2017年にLISA、VERBAL、☆Taku Takahashiのオリジナルメンバーで完全復活し、今年メジャーデビュー20周年を迎えたm-floが11月6日、最新アルバム『KYO』をリリース。オリジナルアルバムに加え、20年間のヒット曲や最新曲も網羅した「20th Anniversary Best Mix by in the blue shirt」も収録されるボリューミーな内容となっている。『KYO』というタイトルにはm-floのこれまでの活動の軌跡を含めて多様な意味が込められているという。デビュー20周年を振り返ってもらいつつ、楽曲の幅も広く様々な次元を表現する今作品の制作秘話を3人に聞いた。【取材=桂泉晴名/撮影=冨田味我】

m-floはパラレルユニバース

LISA

――今作ジャケット右側にあるマークは、m-floが新たに創作した文字の“KYO”を表しているそうですね。

VERBAL そうなんです。この字はもちろん実在しない漢字をロゴ化したもので、いろいろな“KYO”という言葉の意味をミックスした、フィクションな感じと言いますか…。すべて混在させたオリジナルの「漢字」なんです。

LISA フィクションな感じって、格好良いね。

――文字のデザインは判子みたいですよね。

VERBAL 僕は結構、家紋マニアなんですけれど、家紋は400年前のものも、今のものもモダンで格好良いんですよね。カクカクしたロゴとかも昔からあって、日本の家紋はすごくイケてるなと思っていました。ロゴの参考にする時もあるんですけれど、今回はデザイナーさんが僕たちのアイデアを汲み取ってくれて、こういう風にしていただきました。確かに判子みたいですし、格好良いなと思います。

――『KYO』には「Enter the Mortal Portal」というインタールードが収録されているので、7月3日にリリースされた「mortal portal e.p.」との関連性も深いのかな、と思ったのですが。

☆Taku Takahashi 確か“Mortal Portal”という言葉が浮かんでから、“KYO”という理想郷の場所があるんじゃないか、とVERBALが言ったんだと思います。「EKTO」のミュージックビデオを撮った後のミーティングで話し合った時だったから、そういう意味では、繋がっていますね。

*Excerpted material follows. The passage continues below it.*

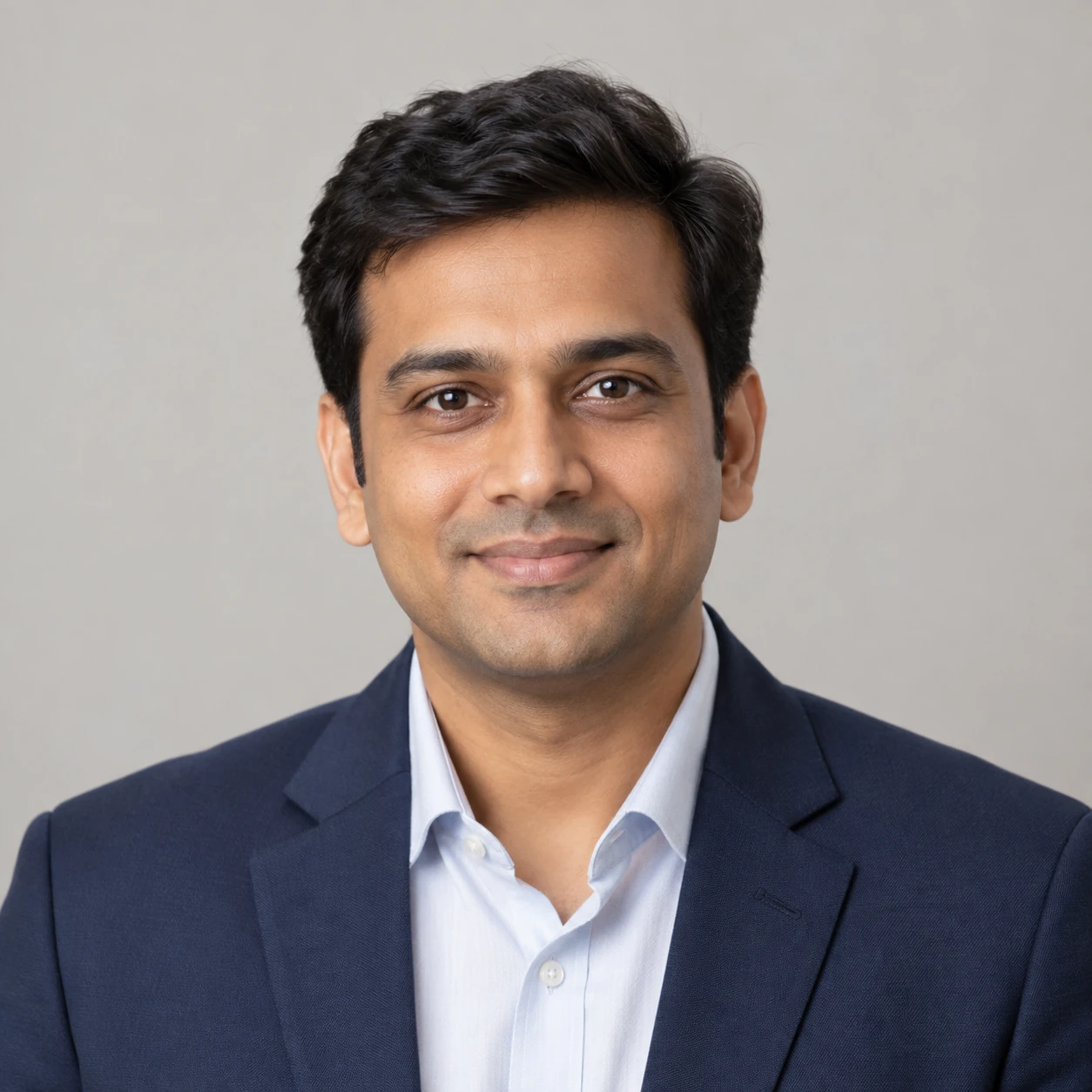 Generated photo of Aman Gupta, a fictional demo mentor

VERBAL ☆Takuがよく見ている『リック・アンド・モーティ』というアニメがあって、主人公の2人が異次元に行くポータルを作れる銃を通して、いろいろな次元に行く話なんですよ。m-floは今まで未来や宇宙をテーマにしていたんですけど、異次元に行くというのもおもしろいし、いい意味で少し理解が難しくてちょうどいいね、となって。

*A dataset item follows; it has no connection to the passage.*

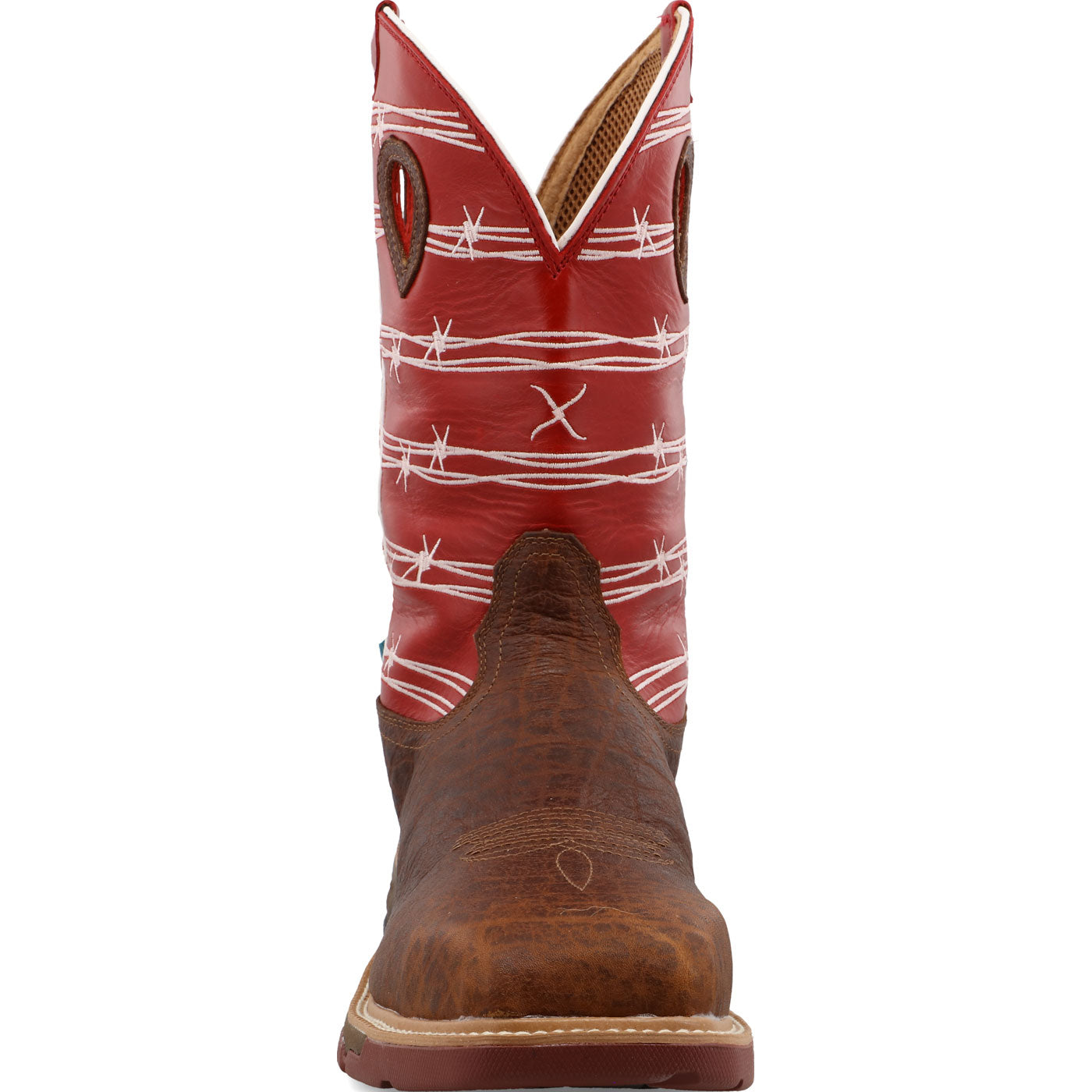 Twisted X Men's 12-Inch Carbon Nano Toe Electrical Hazard Western Work Boot - front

 僕たち3人はこれまでいろいろなできごとを経ているんですよね。たとえばLISAはセカンドアルバムから一回ソロ活動に専念して、また戻ってきた。3人がいろいろな次元を経て今がある。今日がある。そして“KYO”って“今日”だけじゃなくて“響”にもなるし……とか、そういう話になって。みんなでシャレがきいていいかな、というような話をしたよね? あと、これまで和っぽいタイトルがなかったしね。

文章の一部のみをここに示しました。